China’s pied piper
Sep 21st 2006
From The Economist print edition
Jack Ma is attracting a following among entrepreneurs in China and internet companies worldwide
ON A rainy weekend this month 10,000 businessmen, hobby traders and “netheads” gathered in Hangzhou, a pretty Chinese city near Shanghai, to talk about e-commerce. Most went to meet and swap tips with other online traders. All came to the “Alifest” to sit at the feet of Jack Ma, a pixie-sized, boyish 42-year-old who is the founder of Alibaba, an e-commerce firm, and is regarded as the godfather of the internet in China. In a country where businessmen are viewed with suspicion, his popularity is unusual. When he was invited recently to speak in Beijing’s Great Hall of the People, Mr Ma needed six bodyguards to escape a mob of online traders waiting outside to give him a hug.

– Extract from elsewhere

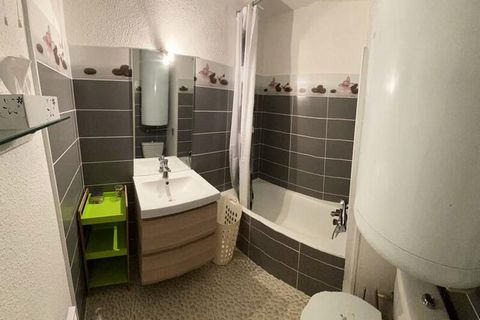 Ten urokliwy i komfortowy apartament w rezydencji Christiana jest idealnym miejscem na kameralny wypoczynek w górach. Apartament mo?e pomie?ci? maksymalnie 4 osoby i obejmuje salon-jadalni? z podwójn? rozk?adan? sof?, zapewniaj?c du?o miejsca na rela...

Mr Ma’s rock-star status reflects how he has enabled thousands of his countrymen to become their own bosses, build businesses and make money—a dream ingrained in Chinese culture but repressed by decades of Communist antipathy to private enterprise. Alibaba has become the world’s largest online business-to-business (B2B) marketplace, Asia’s most popular online auction site and, as a result of its acquisition of Yahoo! China, the 12th most popular website in the world. That combination makes Alibaba one of the few credible challengers to the global online elite of Google, eBay, Yahoo! and Amazon.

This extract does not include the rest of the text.